Une poignée de happy few, quelques 400 danseurs étaient conviés hier soir au Château de Versailles à une soirée époustouflante, Le Bal du Siècle. Et ce fut tout simplement un moment mémorable. Des valses de Vienne aux Années Folles, en passant par le tango, le fox-trot, le quadrille, la gigue américaine, le Charleston, la Tempête, les Pol Jones, Versailles bruissait du taffetas des crinolines de Sissi, Versailles voltigeait, tourbillonnait, Versailles résonnait des musiques d’Offenbach, enfin le Château de Versailles, commémorait sa Fête Merveilleuse, célébrant la fin de sa restauration en juin 1923.

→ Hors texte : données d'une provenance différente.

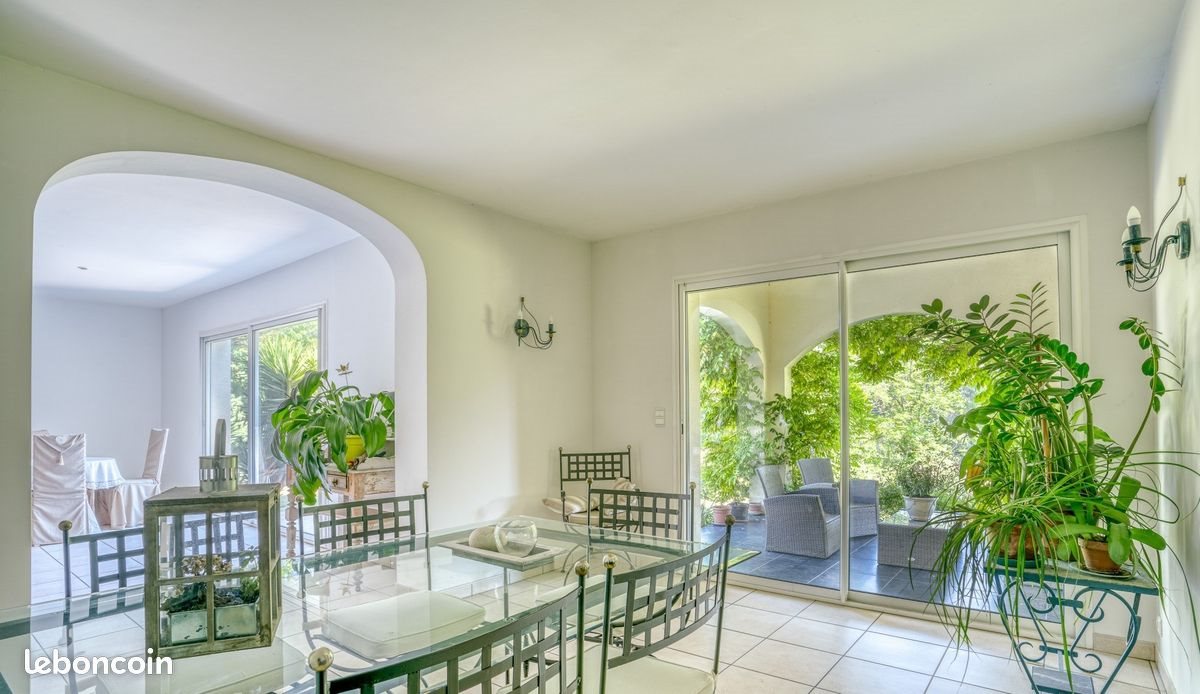 Maison à vendre, 220m², Lédat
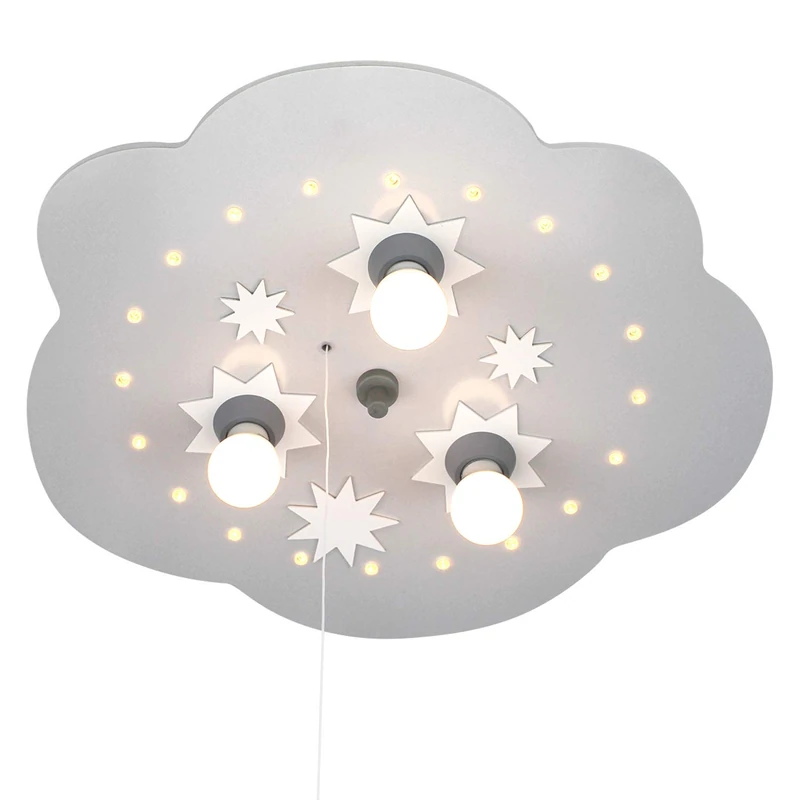 Elobra Ceiling Light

Il flottait comme un envoûtant parfum des soirées de Gatsby le Magnifique ce lundi soir dans les grands appartements de la Reine où virevoltaient de superbes silhouettes, en robe Charleston pailletée à franges, boa et éventail en plume. Manière de renouer avec la féerie et l’effervescence des Années Folles, la soirée costumée avait fait la part belle aux années 1920. Gatsby renaissait, on fêtait ces retrouvailles, et avec elles toute la légèreté, l’euphorie et la magie de cette époque bénie.
Se délecter d’un méli-mélo de flétan aux fleurs d’hibiscus givrés sous le Couronnement de Napoléon peint par David, c’est chic. Déguster un délicieux Paris-Brest en présence de l’Empereur, ça a de l’allure ! L’illusion est telle, qu’on en viendrait même à croire qu’on dîne dans les appartements de Bonaparte tant le Château de Versailles semble nous appartenir pour un soir.
A presque minuit, sous les ors de la Galerie des Glaces, la foule s’est pressée devant les fenêtres pour contempler les jardins ennuités du Parc. Soudain le ciel s’est embrasé. Des fusées dorées ont éclaté en soleils, en cascades, en bombes, au rythme des valses de Strauss. Lors du bouquet final, l’or éclatant des feux a rougi de plaisir devant le chatoiement inattendu d’une cocarde groseille qui saluait l’arrivée musicale d’Offenbach et de son french Cancan. La nuit noire était rouge. Une guirlande humaine de danseurs a enflammé le parquet sage de la Galerie des Glaces, sous l’oeil impavide des trois cent cinquante-sept miroirs qui reflétaient la joyeuse farandole.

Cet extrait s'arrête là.